A “proxy variable” is a variable that is not directly relevant by itself, but serves in place of another variable. Even if you are not using a special data category in your predictions, you might be using other variables that are a proxy for it. For example, because of a historical practice redlining in the US, zip code + income = race. That means even if you are not making predictions using the explicit “race” variable, if you are using zip code and income, the predictions will be influenced by race. Below you can see Einstein Analytics calling out this potential proxy in the data.
Also known as “hindsight bias,” data leakage results from using variables in your prediction model that are known only after the act of interest. The definition can be confusing, so let’s look at an example. Let’s imagine that you are selling outdoor gear. You want to know if it is going to rain so you can increase the marketing of your rainy weather gear.

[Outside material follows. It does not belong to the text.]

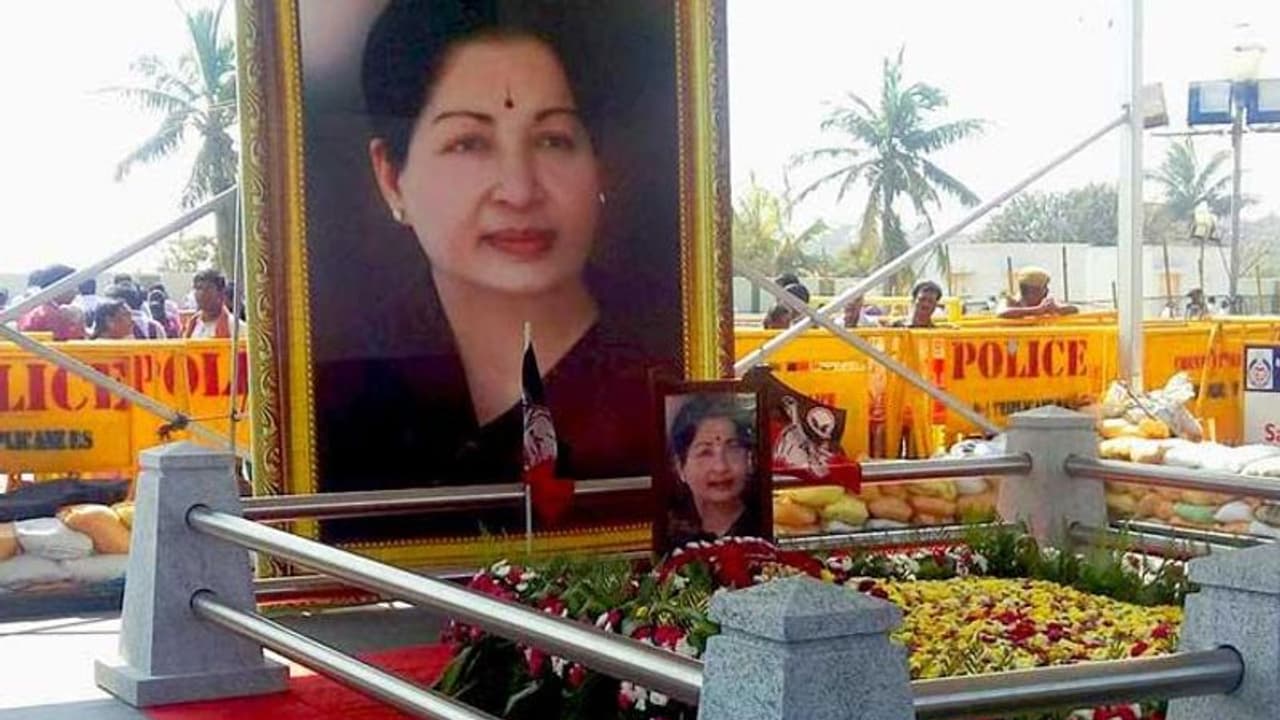 7 കിലോ സ്വർണം, 600 കിലോ വെള്ളി, 11344 സാരി, 91 വാച്ചുകൾ...; 20 വർഷമായി ജയലളിതയുടെ 'നിധി' വിധാൻസൗധയിൽ 7 കിലോ സ്വർണം, 600 കിലോ വെള്ളി, 11344 സാരി, 91 വാച്ചുകൾ...; 20 വർഷമായി ജയലളിതയുടെ 'നിധി' വിധാൻസൗധയിൽ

One observation you might have captured historically is whether or not someone has used an umbrella. In the graph below we see a strong correlation between rainy weather and umbrella use. This is referred to as “co-linearity.” Since umbrella use comes AFTER the thing you want to predict (rain), you should not use it in your predictive model. Data leakage variables can be so strong that they can overwhelm the entire model so you will want to remove them.
Below is what you might see in Einstein Discovery if data leakage is detected. It is highlighting the strongest predictors and warning you that these could be the result of data leakage. Since you know the context of your data, you need to make this determination yourself and decide whether or not to include them.
“AI models hold a mirror up to us; they don’t understand when we really don’t want honesty. They will only tell us polite fictions if we tell them how to lie to us ahead of time.”
—Yonatan Zunger, Distinguished Engineer on Privacy at Google
AI is powerful, and with great power comes great responsibility. Until our society of free of bias, we must meticulously manage our data to remove it.